Top 10 Tips for a Successful Board Retreat


How can you maximize the effectiveness of your next board retreat? We’ve put together a list of our Top 10 Tips to help you achieve success. Board retreats are a once a year opportunity to reflect, regroup, revitalize and re-commit. Make the most of this precious time, have some FUN and follow up on the ACTION steps!

What does it take to have a board retreat that results in insight, impact and real change?

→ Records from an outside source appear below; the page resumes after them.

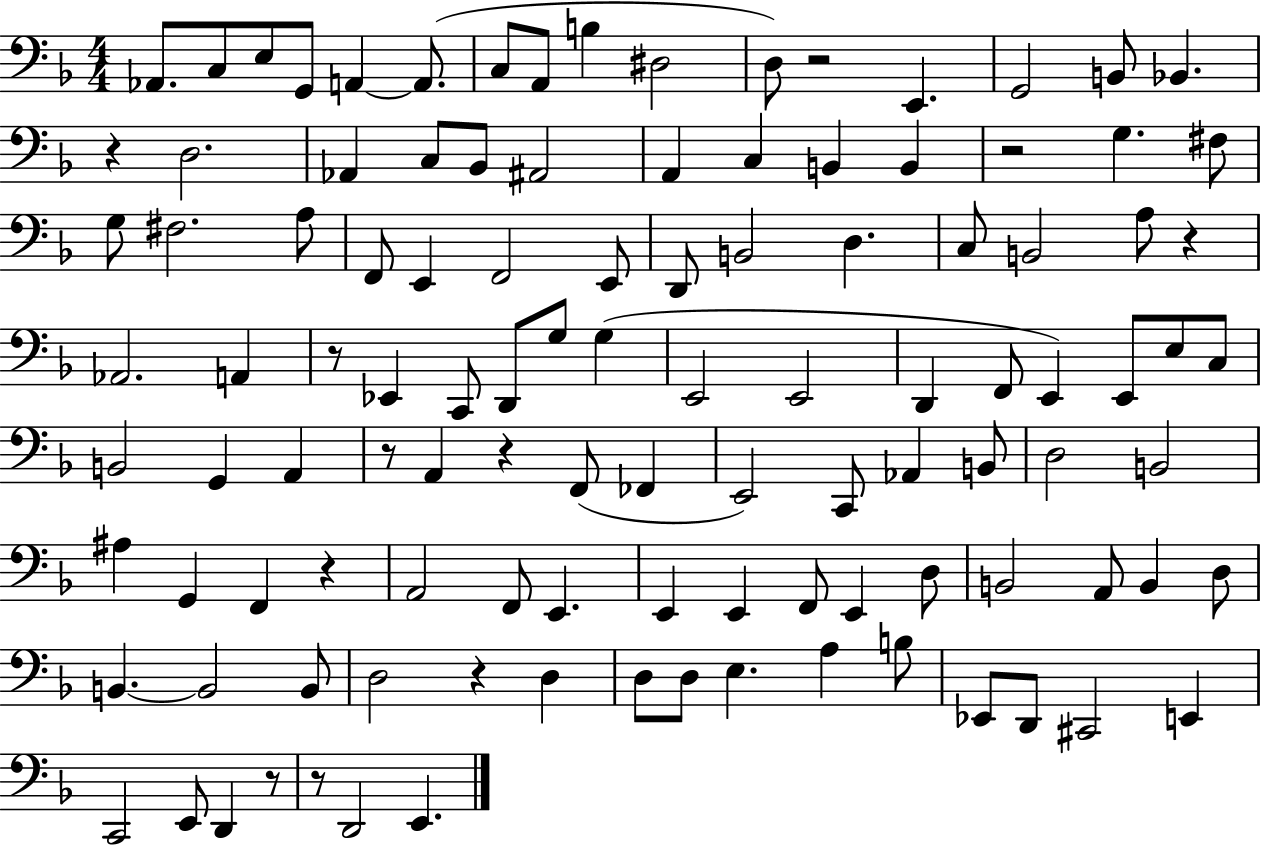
X:1
T:Untitled
M:4/4
L:1/4
K:F
_A,,/2 C,/2 E,/2 G,,/2 A,, A,,/2 C,/2 A,,/2 B, ^D,2 D,/2 z2 E,, G,,2 B,,/2 _B,, z D,2 _A,, C,/2 _B,,/2 ^A,,2 A,, C, B,, B,, z2 G, ^F,/2 G,/2 ^F,2 A,/2 F,,/2 E,, F,,2 E,,/2 D,,/2 B,,2 D, C,/2 B,,2 A,/2 z _A,,2 A,, z/2 _E,, C,,/2 D,,/2 G,/2 G, E,,2 E,,2 D,, F,,/2 E,, E,,/2 E,/2 C,/2 B,,2 G,, A,, z/2 A,, z F,,/2 _F,, E,,2 C,,/2 _A,, B,,/2 D,2 B,,2 ^A, G,, F,, z A,,2 F,,/2 E,, E,, E,, F,,/2 E,, D,/2 B,,2 A,,/2 B,, D,/2 B,, B,,2 B,,/2 D,2 z D, D,/2 D,/2 E, A, B,/2 _E,,/2 D,,/2 ^C,,2 E,, C,,2 E,,/2 D,, z/2 z/2 D,,2 E,,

1. Start with Why? Why are you having this retreat?
2. Ask What? What do you want to accomplish during this retreat?
3. Include Staff: Conducting Board retreats without staff present is like having one way conversations with your partner. It might make you feel good to unload, but what do you really accomplish? If you want to gain insight and perspective- have a two way conversation and invite your staff.
4. Send out a Pre-Retreat Survey to board and participating staff to gauge temperatures and determine board and staff priorities. What do they want to accomplish during the retreat? What trends are showing up in the responses? Are staff and the board on the same page?
5. Be ready, willing and able to ask (and receive) the tough questions. Is there an elephant in the room? Frame the issue or problem in an objective way and address it with neutral (but insightful) information- numbers, statistics, a summary report. Let participants know this is up for discussion with the goal of resolving the issue.
6. Use a skilled professional facilitator to go deep… Is there an issue that keeps haunting you? A story your board or staff cannot let go of? Bring in a pro who is willing to “go below the line” and help create real transformation.
7. Be committed to coming up with solutions or a game plan and action steps to reach the solution. A board retreat without action steps and commitment has no impact and just took up 4-10 hours of your day.
8. Set deadlines for every action step or project, task force or committee activity that results from the retreat and use a dedicated note taker to document this. Some facilitators will do this for you.
9. Use break out groups to mix it up: intentionally place people with differing opinions, thoughts and perspectives at the same table. We want them to be challenged! Group think is a dangerous thing- mixing it up can help prevent this.
10. Have some FUN! Use physical props such as easels with HUGE markers, play music during breaks, ask people to share their best group experience with a partner then report back.